日本人はプライバシー侵害のリスクを認識するもEUより低い(CNET Japan)
インターネット上のサービスにおけるプライバシについての調査結果を公開(IPA)

 EUとの結果を比較したというのだが、昔ながらの「日本は欧米よりも◯◯の意識が遅れている・・」という問題意識そのものもどうにかならないのだろうか。日本が先進国と認められるには、何事も欧米と横並びでなければならない、という発想そのものが古臭いような気がしてならない。たとえば「日本はアジアの中では意識が進んでいる」などという設定も可能なはずである(もちろんさほど意味のあることとは思わないが)。


 ネットの存在とは無関係に、EUの人は自分のプライバシーに対して敏感であるという事実があるとすれば、それは文化論の話であろう。日本人に比べれば、もともとプライベートな時間を大事にする傾向がある。「家族との時間が仕事よりも大事」と考えるか、日本人のように仕事を第一と考えるかである。ある意味、プライベートなことに対して重きを置かないせいか、鷹揚であるのかもしれない。また単一民族国家のせいか、自分も他人もプライベートは似たようなものだし互いに詮索しても意味がないと思い込んでいるところもあるのかもしれない。


 それはともかく、ネット上でプライバシーを守ろうとするには何をすればよいのかという問題である。

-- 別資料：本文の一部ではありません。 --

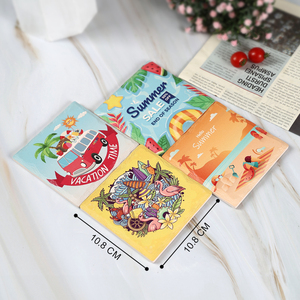 Sous-verres carrés en céramique personnalisés DJ, imprimés UV, écologiques, résistants à la chaleur, avec support en liège, 10,8 cm, vente en gros en usine - Product Image 5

プライバシー侵害の被害を受けないようにするために、ブラウザのセキュリティ設定などを厳しくするなどの「技術的対策」のことを問題としている。しかしプライバシーの防衛は、そのような表面的なことではないだろう。たとえばSNSに「足跡」機能があるが、自分はこれが大嫌いで、そもそもそのような機能がオフにできないようなサイトには近づかない。あるサイトへの誘導のログが残るようなリンクは踏まないなどの意識をしている。これはプライバシー意識というより、行動意識の問題である。誰でも知っている大きな道路ばかりを堂々と歩きたいか、あまり人が通らないような道を探しながら目的地に行きたいかなどの違いである。


 君子危うきに近寄らずが一番よいプライバシーの防衛方法だが、何もせずとも一方的なプライバシー侵害に近い問題もある。Googleストリートビューなどである。公道に面している場所を歩いていたりするのは、プライバシーでもなんでもないといってしまえばそれまでかもしれない。ネットで何か公開していれば、それが元で、自分の意図しないところで意図しないものが勝手に公開されているかもしれない。2ちゃんねるや、最近ではtwitterなどにアップされたりリンクされているかもしれない。それを個人の意識が低いからという切り方だけでは、乱暴のような気もする。ネットに参加しないのが一番安全であるが、そうもいかないだろう。ネットに参加する以上は、プライバシー侵害のリスクも当然負うことになるという自己責任の意識付けは必要であろう。ただそれを防衛するには、「技術」はほんの一部の手段に過ぎないことは知るべきであろう。